Re: How to flatedecode and find all acroform fields in a compressed PDF

Maruan Sahyoun Sun, 24 May 2015 02:39:03 -0700

Hi,

> Am 23.05.2015 um 16:37 schrieb Balaji Venkatamohan <[email protected]>:
> 
> Hi,
> 
> So AcroForms/Fields is an empty Array?
> 
> Yes, in the filled interview_compressed.pdf, the acroforms are not null but
> empty. Size of array is zero.
> 
> Also, I tried qpdf command line tool to compress the file interview.pdf and
> the resultant compressed file size of 1.6MB was no way near the file size
> of interview_compressed.pdf (21 KB).


would you think it's possible to get a similar PDF file or permission to use it 
internally so we have a sample to look at a potential fix.

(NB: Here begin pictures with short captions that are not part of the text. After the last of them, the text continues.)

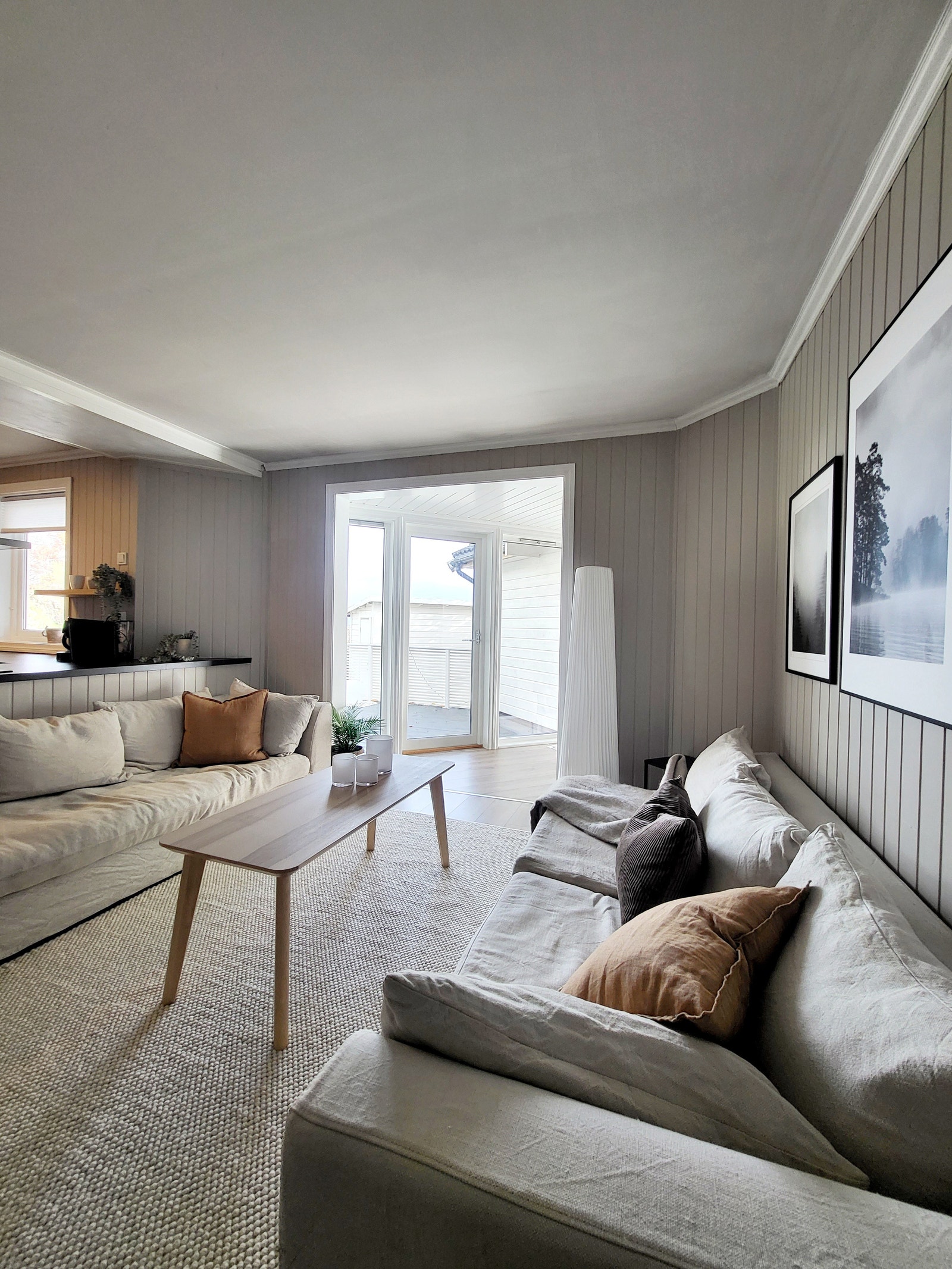 Stue med utgang Galleribilde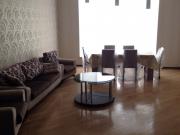 İcarəyə verilir 5 otaqlı 147 m2 yeni tikili 3 mkr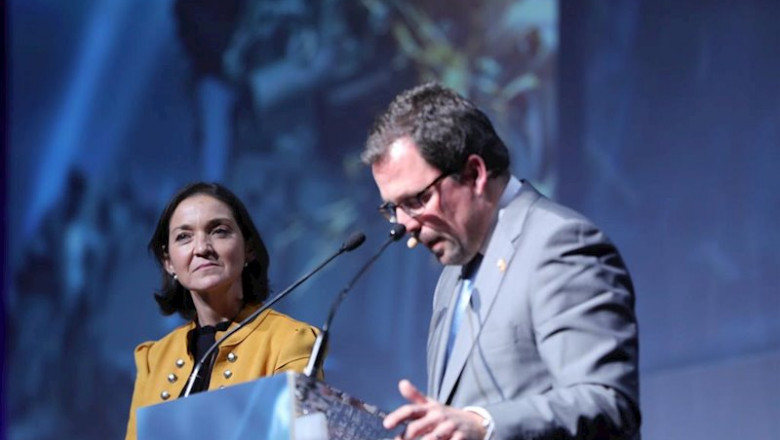 El secretario general de Industria y de la Pequeña y Mediana Empresa, Raül Blanco Díaz, durante su discurso, junto a la ministra de Industria, Comercio y Turismo en funciones, Reyes Maroto, en la entrega de los premios de la I Edición de los Premios Nacio | Jesús Hellín - Europa Press - Archivo ep el secretario general de industria y de la pequena y mediana empresa raul blanco diaz durante su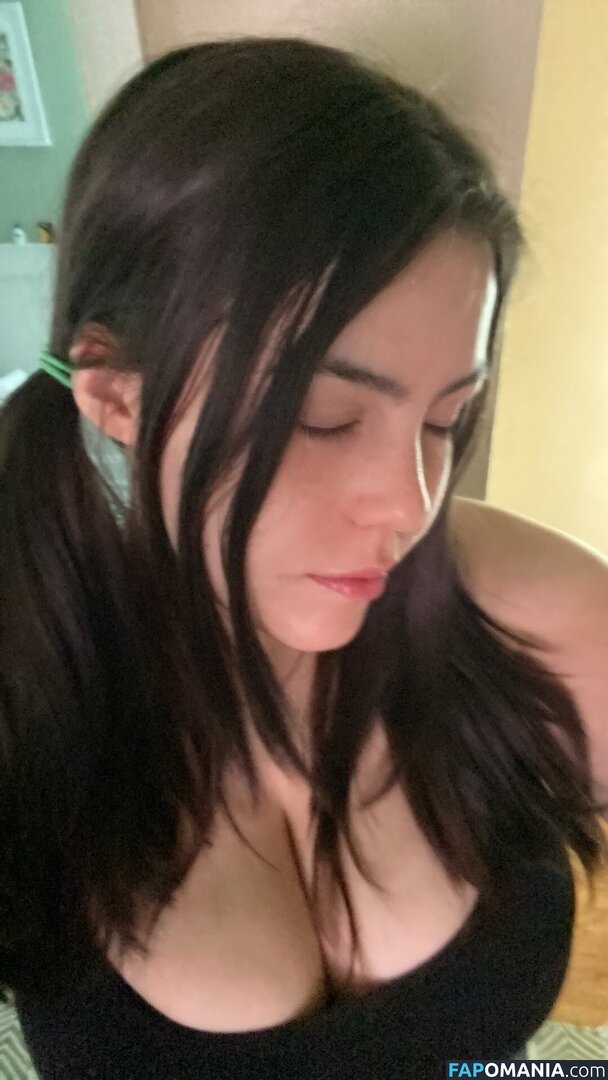 Zobug / snaiIgirl / zobug_ Nu OnlyFans  Foto vazada #1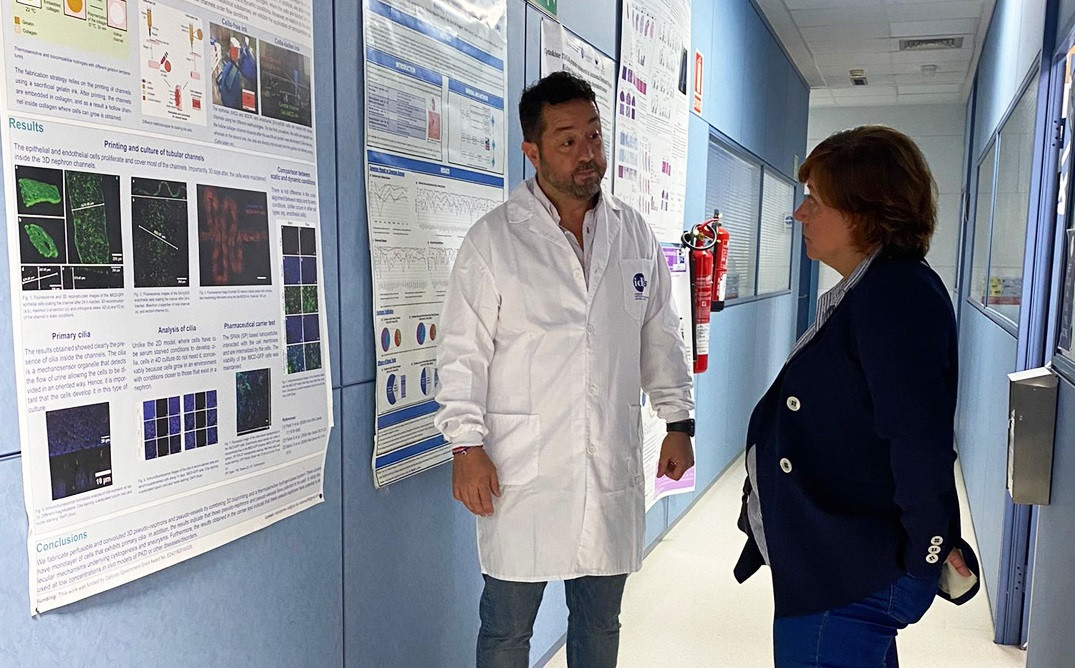 Dora Casal durante la visita a las instalaciones del NefroChus.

Although the PDF is not inline with the spec as Acrobat is able to handle it we 
could look into getting a similar result.

BR
Maruan


> 
> Thanks,
> Balaji
> 
> On Fri, May 22, 2015 at 11:58 PM, Maruan Sahyoun <[email protected]>
> wrote:
> 
>> Hi,
>> 
>>> Am 22.05.2015 um 23:00 schrieb Balaji Venkatamohan <[email protected]>:
>>> 
>>> I opened the interview_compressed in notepad++ and did not see any
>>> 'Acroform' text anywhere.
>>> However, as Maruan suggested, I entered some data into what looks like
>> form
>>> fields of interview_compressed.pdf and saved it. When I opened this file
>> in
>>> notepad++, I did see 'Acroform' text in it. I also noticed an increase in
>>> file size from 21 KB to ~530 KB.
>>> 
>>> I then ran this filled saved compressed PDF in pdfdebugger.java and saw
>>> that the field values were getting stored but not under Acroform fields
>> but
>>> under Annotations.
>> 
>> 
>> 
>> So AcroForms/Fields is an empty Array?
>> 
>>> Please refer to this image:
>>> 
>>> http://imageshack.com/a/img540/9951/QGLDtS.jpg
>>> 
>>> So, whatever the compression technique was, it simply made all the
>> Acroform
>>> fields disappear from the original PDF but retained all annotations which
>>> also contain the interactive forms and this helped reduce the file size
>> so
>>> much? If this is the case, can pdfbox API also use similar compression
>>> technique to compress such a a huge file into a smaller one?
>>> 
>>> 
>>> 
>>> 
>>> On Fri, May 22, 2015 at 1:25 PM, Maruan Sahyoun <[email protected]>
>>> wrote:
>>> 
>>>> Hi,
>>>> 
>>>>> Am 22.05.2015 um 21:54 schrieb Tilman Hausherr <[email protected]
>>> :
>>>>> 
>>>>> Am 22.05.2015 um 17:53 schrieb Balaji Venkatamohan:
>>>>>> Hello,
>>>>>> 
>>>>>> I used PdfDebugger to make the internal PDF structure of the two files
>>>> (1)
>>>>>> interview.pdf and (2) interview_compressed.pdf  visually available
>> and I
>>>>>> have uploaded my images to imageshack. Here are the four links:
>>>>>> 
>>>>>> http://imageshack.com/a/img538/8277/JghCpG.jpg
>>>>>> http://imageshack.com/a/img909/6140/KsYNGR.jpg
>>>>>> http://imageshack.com/a/img903/8644/mk15As.jpg
>>>>>> http://imageshack.com/a/img901/8610/NXe3mJ.jpg
>>>>>> http://imageshack.com/a/img673/8633/0GMdjQ.jpg
>>>>>> 
>>>>>> The first two links are from the internal structure of interview.pdf
>>>>>> (original uncompressed file)
>>>>>> The third and fourth links are from the internal structure of
>>>>>> interview_compressed.pdf (compressed file)
>>>>>> The fifth link compares the file sizes of the two files and as you can
>>>> also
>>>>>> see, the difference is huge.
>>>>>> 
>>>>>> As you might notice, the file interview_compressed.pdf has no acroform
>>>>> 
>>>>> Indeed... but this is needed - from the spec:
>>>>> 
>>>>> "The contents and properties of a document’s interactive form shall be
>>>> defined by an interactive form dictionary that shall be referenced from
>> the
>>>> AcroForm entry in the document catalogue (see 7.7.2, “Document
>> Catalog”).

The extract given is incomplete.